## Activity
Locate the line that contains "Pokemon red and green emoji" in the entries below, then repeat it and every following line through the line that contains "Perlick Commercial 4", exactly, and no others.

## Records from a data source

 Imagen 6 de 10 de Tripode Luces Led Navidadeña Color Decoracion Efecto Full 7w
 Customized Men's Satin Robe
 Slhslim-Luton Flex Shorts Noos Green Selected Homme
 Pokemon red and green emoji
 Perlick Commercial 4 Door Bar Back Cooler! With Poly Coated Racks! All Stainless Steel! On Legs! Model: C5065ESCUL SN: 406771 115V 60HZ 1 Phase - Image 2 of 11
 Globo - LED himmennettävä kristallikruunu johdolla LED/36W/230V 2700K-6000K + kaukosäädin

## Response to the task
 Pokemon red and green emoji
 Perlick Commercial 4 Door Bar Back Cooler! With Poly Coated Racks! All Stainless Steel! On Legs! Model: C5065ESCUL SN: 406771 115V 60HZ 1 Phase - Image 2 of 11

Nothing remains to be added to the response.